This is the iconic picture of the three astronauts of Apollo 13 from left-right Fred Haise, Jim Lovell and Jack Swigert aboard the Navy rescue ship Iwo Jima. Taken just after splashdown in the Pacific Ocean on April 17, 1970. Picture from JSC/NASA.

While working from home during this time of the great shutdown, I was interested to hear that this month marks the 50th anniversary of the Apollo 13 mission. We so loved the movie Apollo 13 and watched it a number of times, including again this past weekend. My husband’s family has members who have served NASA as well. We are a family of space folk. However, my true delight came in remembering one of Wabash’s most loyal sons and his part in the Apollo 13 drama.

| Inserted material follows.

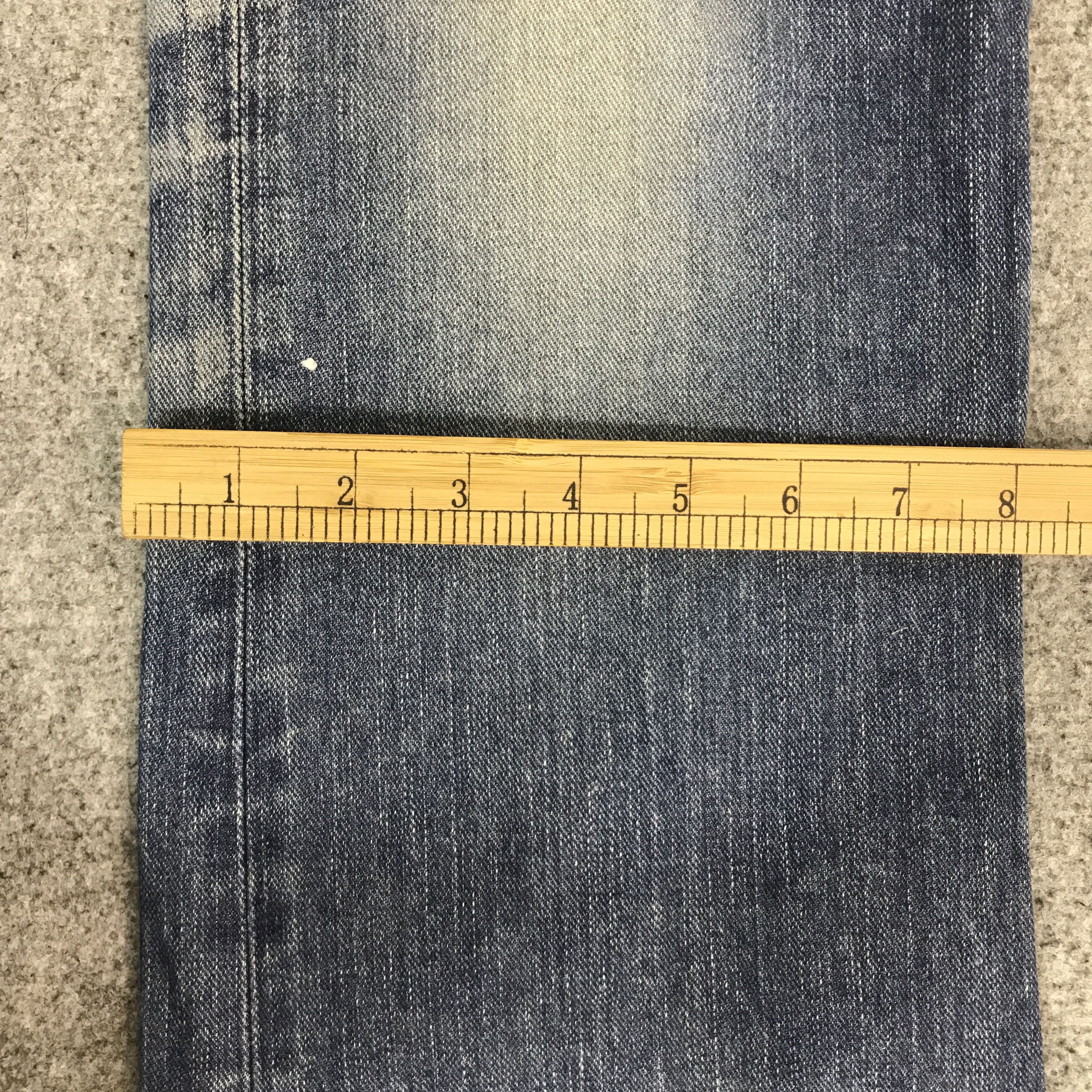 Lee FLARE LEE JAPAN BOOTCUT DENIM PANTS K54B13 Size US 30 / EU 46 - 10 Thumbnail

The picture above is that iconic shot of the three weary fellows just coming off their retrieval helicopter. And see that face in the red circle just behind Fred Haise’s waving arm? That is Wabash man, and for many years Wabash’s doctor, Keith Baird [W1956].

Keith graduated from high school in Evansville and came to Wabash before leaving to join the Army.  Following basic training he was posted to the Korean theater during that war. When his hitch was up, he returned to Wabash where he was a member of the Phi Gamma Delta fraternity. After graduation in 1956, Keith entered the Indiana University Medical School. Dr. Baird served his residency in Iowa. When that was completed he returned to Crawfordsville and entered family practice here. In a bold move, Keith went to work for Grumman Aircraft on Long Island, the company that manufactured the Apollo Lunar Module. It was through this connection that Dr. Baird went to NASA to serve on their medical staff.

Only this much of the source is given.